Continuity of DE solution in the _density functions_?

[Anja]

Hi there,
I'm an economics grad student and looking for a pointer to a theorem/paper that solves the problem below.

Here goes:

I have the system
$$\dot{B(i)} =- \int_0^J \alpha(i,t)(\pi(i,t)-B(i)-G(t))m(t) d t$$
$$\dot{G(j)} =- \int_0^I \alpha(t,j)(\pi(t,j)-B(t)-G(j)w(t) d t$$
with fixed boundary conditions on B(I) and G(J) (both strictly positive).

$$\pi$$ is twice cont. diff, m and w are from a uniformly equicontinuous set of functions on a closed interval, and $$\alpha$$ is the indicator function for the $$(\pi(i,j)-B(i)-G(j))$$ term being nonnegative. I can impose conditions on $$\pi$$ so that this expression is zero at only two points i or j for any given j or i (the functions are "strictly single-peaked" in each dimension).

I would need the solution (B*, G*) to this system to be continuous w.r.t. (m,w) (all with the sup norm). This is part of proving existence of an equilibrium (fixed point) for a larger system, in case you are wondering... if I forgot anything, please let me know. Any help is greatly appreciated. Honorable mention in my thesis/paper if successful!

 

[jvicens]

Hi there,

I am a scientist with a background in mathematical economics and I believe I can provide some insight into your problem. The system you have presented is a dynamic optimization problem with two control variables, B and G, and two state variables, m and w. The goal is to find the optimal values of B and G that satisfy the given system of equations and constraints.

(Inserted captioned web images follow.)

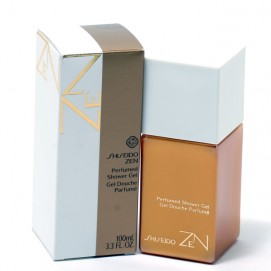 Zen By Shiseido Shower Gel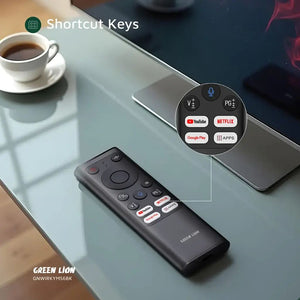 Green Lion Pro Remote with Keyboard and Mouse 2 Years Warranty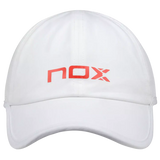 Nox Pro Cap - White/Red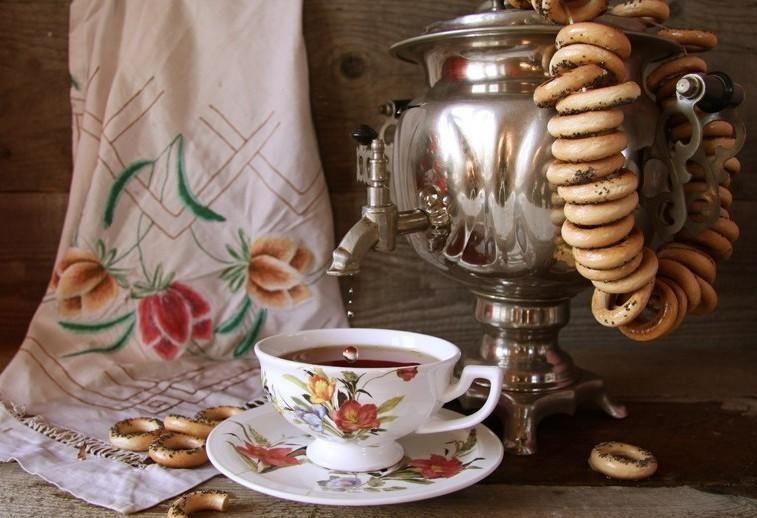 Познавательная программа «В гостях у чая» Культура Калужской области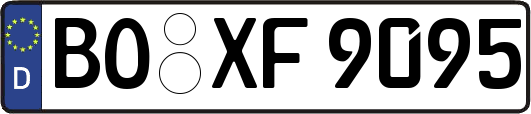 BO-XF9095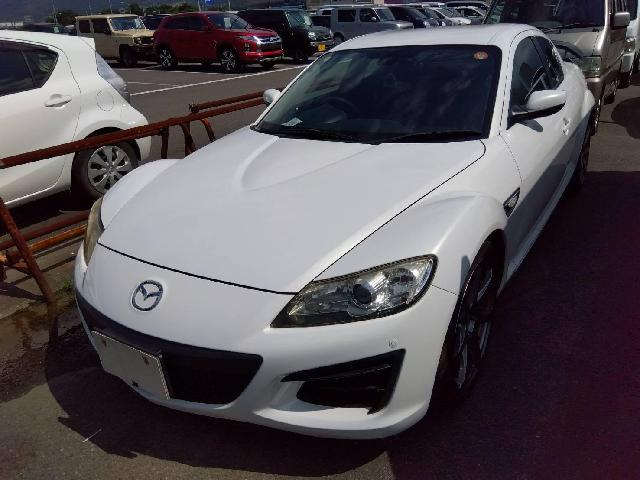 RX-8タイプG
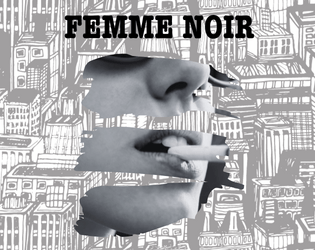 Femme Noir  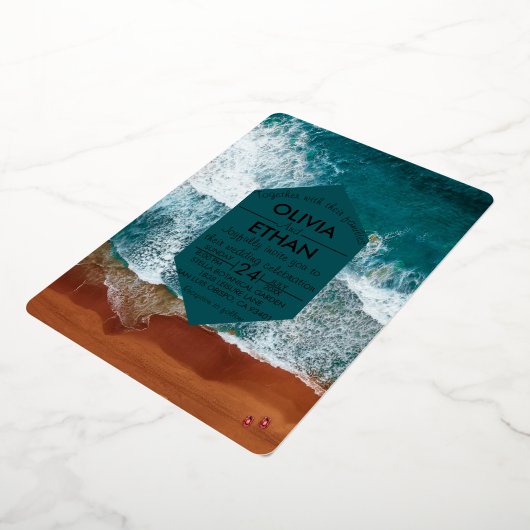 Uitnodiging tot Folie van de riddersport (Gedraaid)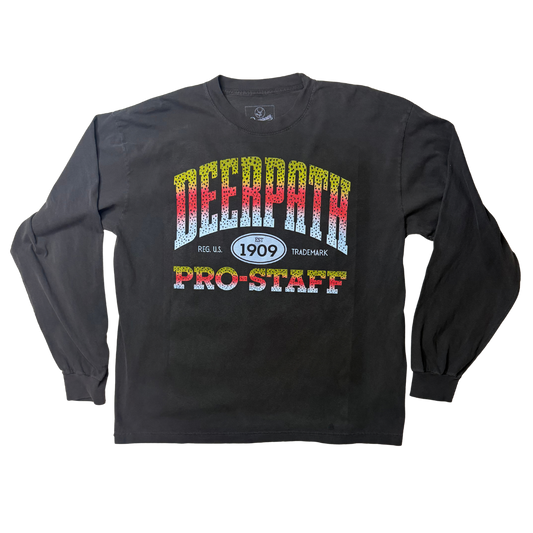 PRO-STAFF LONGSLEEVE — RAINBOW TROUT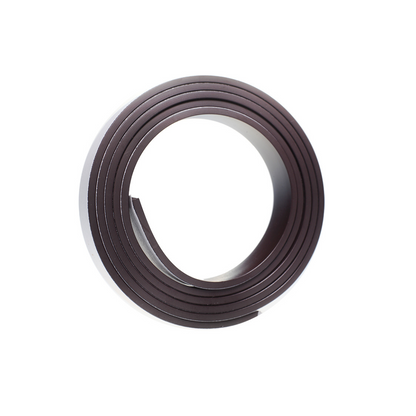 CINTA ADHESIVA MAGNETICA 1m x 12 mm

To solve this problem, you can use the Pontryagin maximum principle, which is a well-known theorem in optimal control theory. This theorem states that for a dynamic optimization problem with continuous and differentiable functions, the optimal control variables can be found by solving a set of differential equations known as the Hamiltonian equations. These equations involve the Hamiltonian function, which is a combination of the objective function and the constraints of the problem.

In your case, the Hamiltonian function would be the sum of the two integrals in your system of equations. By solving the Hamiltonian equations, you can find the optimal values of B and G that satisfy the given system of equations and constraints. These values will also be continuous with respect to the control variables m and w, as desired.

I hope this helps and good luck with your research! If you need further assistance or have any other questions, please don't hesitate to reach out.